Dive Brief:
- The Department of Justice has reached settlements, totaling $23 million, with 51 more hospitals accused implanting cardiac devices in Medicare patients in violation of Medicare coverage requirements.
- Among those settling were six hospitals operated by the Cleveland Clinic Foundation, for $1.6 million, and 18 run by San Francisco-based Dignity Health, for $5.9 million. A list of the hospitals can be found here.
- The settlements conclude a sweeping nationwide investigation that focused on more than 550 hospitals.

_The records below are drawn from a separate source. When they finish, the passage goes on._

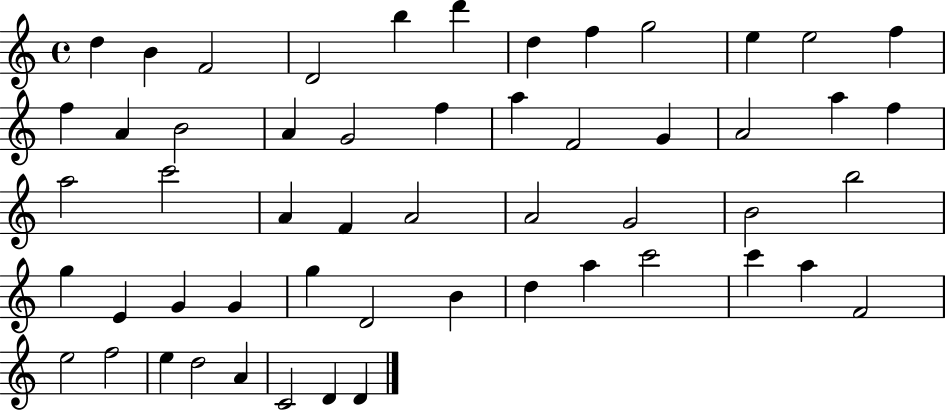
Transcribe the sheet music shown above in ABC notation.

X:1
T:Untitled
M:4/4
L:1/4
K:C
d B F2 D2 b d' d f g2 e e2 f f A B2 A G2 f a F2 G A2 a f a2 c'2 A F A2 A2 G2 B2 b2 g E G G g D2 B d a c'2 c' a F2 e2 f2 e d2 A C2 D D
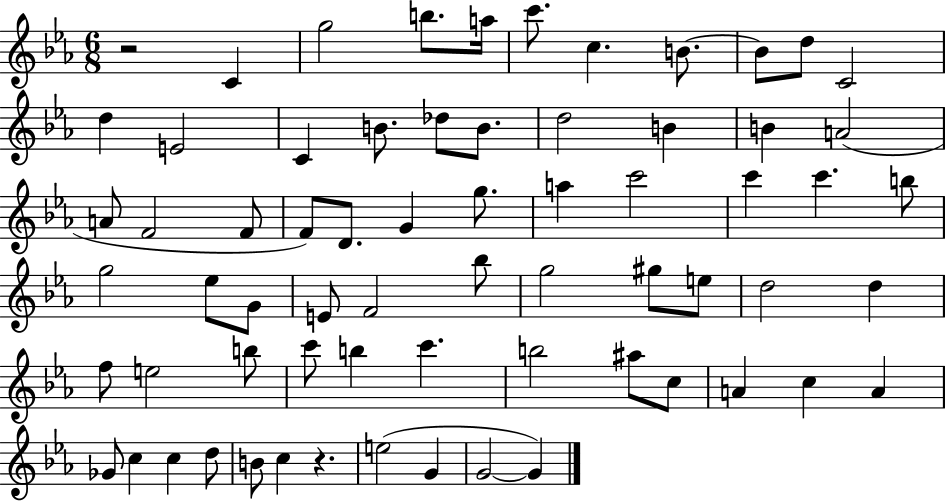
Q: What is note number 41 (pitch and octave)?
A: E5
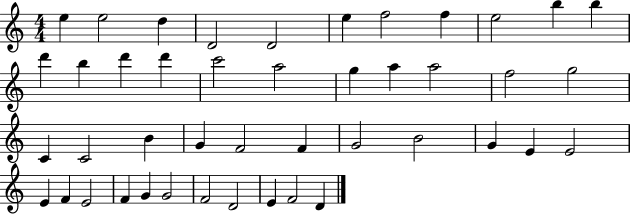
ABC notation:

X:1
T:Untitled
M:4/4
L:1/4
K:C
e e2 d D2 D2 e f2 f e2 b b d' b d' d' c'2 a2 g a a2 f2 g2 C C2 B G F2 F G2 B2 G E E2 E F E2 F G G2 F2 D2 E F2 D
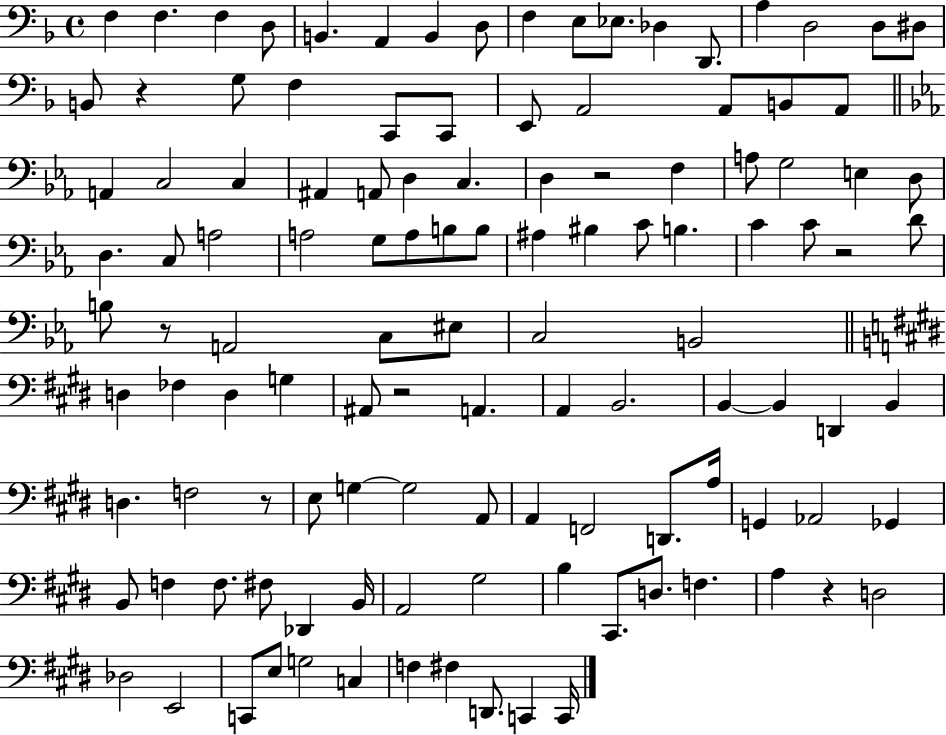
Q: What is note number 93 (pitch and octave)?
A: A2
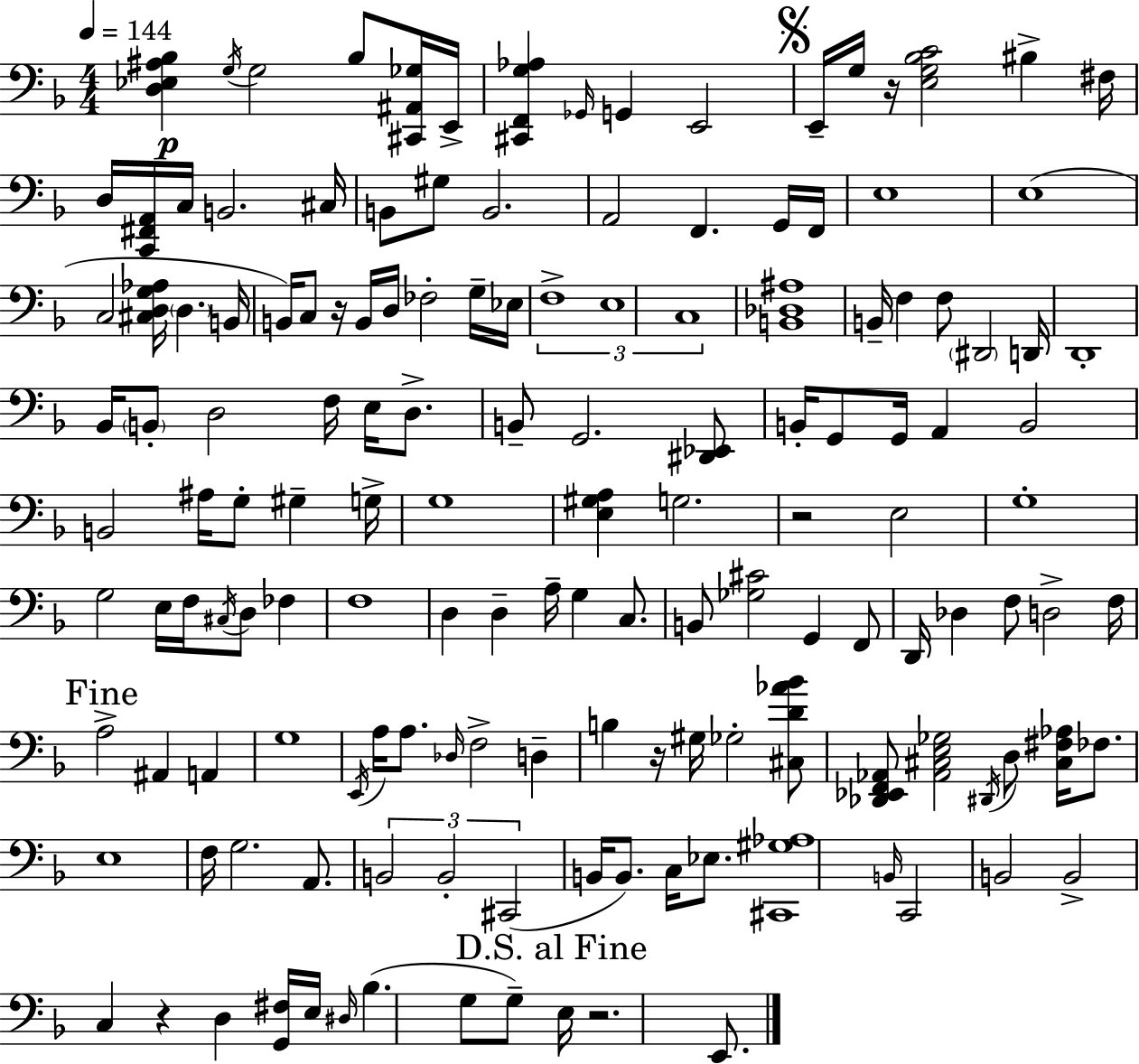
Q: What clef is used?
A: bass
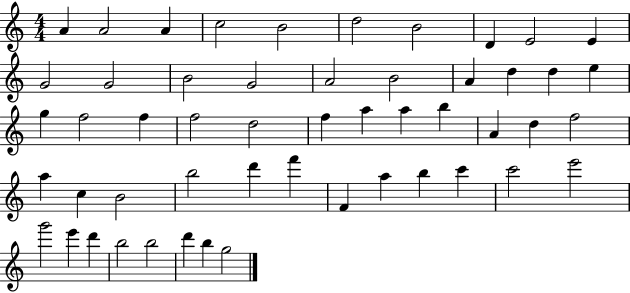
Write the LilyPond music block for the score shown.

{
  \clef treble
  \numericTimeSignature
  \time 4/4
  \key c \major
  a'4 a'2 a'4 | c''2 b'2 | d''2 b'2 | d'4 e'2 e'4 | \break g'2 g'2 | b'2 g'2 | a'2 b'2 | a'4 d''4 d''4 e''4 | \break g''4 f''2 f''4 | f''2 d''2 | f''4 a''4 a''4 b''4 | a'4 d''4 f''2 | \break a''4 c''4 b'2 | b''2 d'''4 f'''4 | f'4 a''4 b''4 c'''4 | c'''2 e'''2 | \break g'''2 e'''4 d'''4 | b''2 b''2 | d'''4 b''4 g''2 | \bar "|."
}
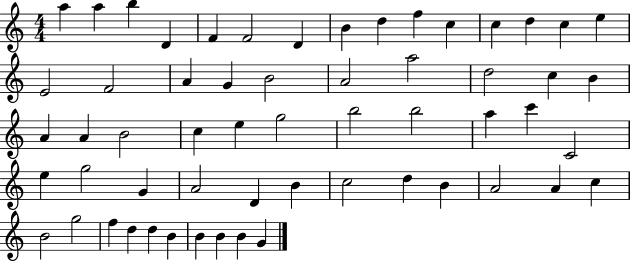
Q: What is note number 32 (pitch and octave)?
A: B5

In October, 457 facilities agreed to pay the federal government $250 million to settle charges of overusing the cardiac devices.
Dive Insight:
Most of the cases were brought by a whistleblower under the False Claims Act.
Under a National Coverage Determination, patients must wait 40 days following a heart attack and 80 days after bypass surgery or angioplasty before receiving an implantable cardiac defibrillator, which costs about $25,000. The idea is to first see if the heart can recover enough of its own function to make an ICD unnecessary.
No determinations of liability were included in the settlements, according to Modern Healthcare.
But according to the DOJ, between 2003 and 2010, each of the settling hospitals implanted ICDs during those waiting periods, in direct violation of the NCD. The investigation was “heavily influenced by evidence-based medicine,” the agency said.
These settlements underscore the government’s determination to combat healthcare fraud. Since January 2009, the Health Care Fraud Prevention and Enforcement Action Team has recovered more than $27.4 billion in falsified claims — more than $17.4 billion of which involved federal health programs. HEAT is a joint initiative of the DOJ and HHS.